1: Workflow: Doctor writes prescription in EMR. Pharmacist reviews charts in EMR, approves prescription. Nurse comes to Pyxis cabinet and scans patient barcode. Correct drawer opens in cabinet so the proper medication- and only the proper medication- is immediately available to nurse (technicians restock cabinet when necessary). Nurse takes medication to patient's room, scans patient barcode and medication barcode, administers drug. This system has dramatically lowered the rates of wrong-drug administration, because the computers are watching over things and catch humans getting confused on whether this medication is supposed to go to room 12 or room 21 in hour 11 of their shift.
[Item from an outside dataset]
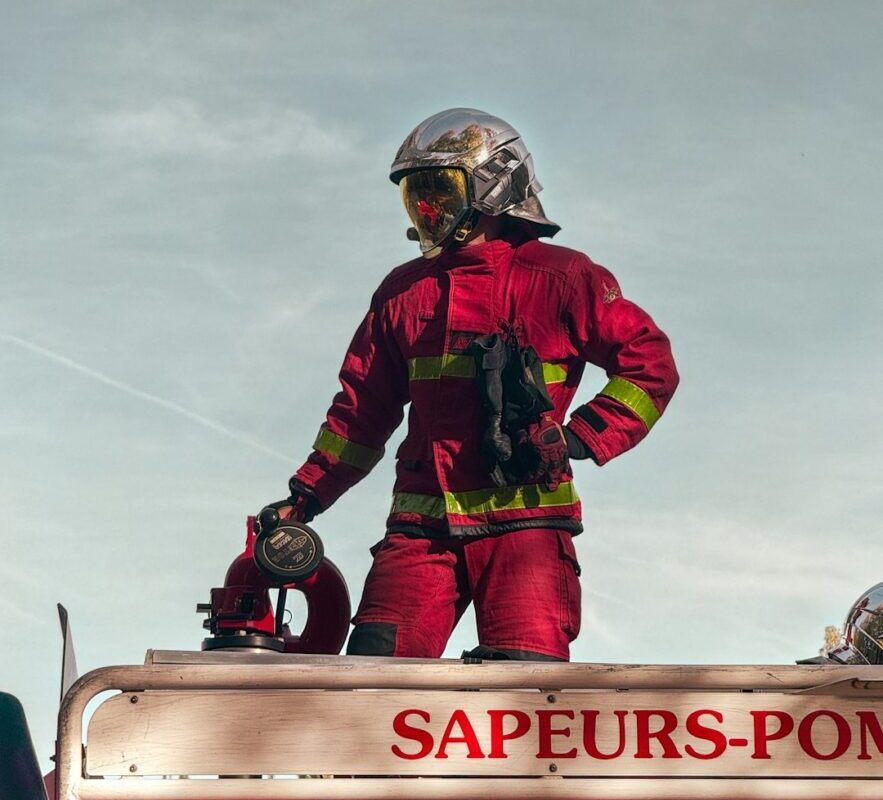 Quand les pompiers écrivent les blagues Carambar : l'histoire délirante qui va vous faire fondre !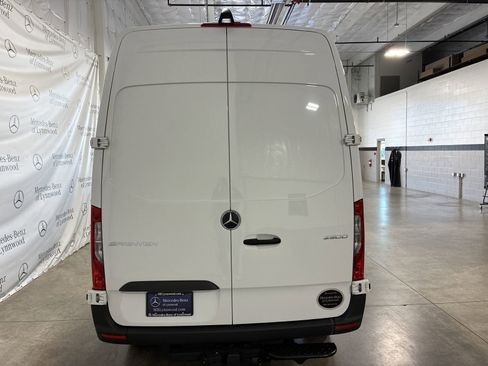 New 2025 Mercedes-Benz Sprinter 2500 image 5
It is a great thing that has made hospitals safer. But it requires a huge amount of computers and networks to support.
Why would a Pyxis cabinet run Windows? I realize Windows isn't even necessarily at fault here, but why on earth would such a device run Windows? Is the 90s form of mass incompetence in the industry still a thing where lots of stuff is written for Windows for no reason?
I don't know what Pyxis runs on, my wife is the pharmacist and she doesn't recognize UI package differences with the same practiced eye that I do. And she didn't mention problems with the Pyxis. Just problems with some of their servers and lots of end user machines. So I don't know that they do.
The grandparent indicated that the problem was that when all tow computers went down, they couldn’t look up what had already been done for the patient. I suggested a simple solution for that - receipt printers.
After the computers fail you tape the receipt to the wall and fall pack to pen and paper until the computers come back up.
I completely understand the scale of the outage today. I am saying that it was a stupid decision and possibly criminally negligent to make a life critical process dependent on the availability of a distributed IT application not specifically designed for life critical availability. I strongly stand by that POV.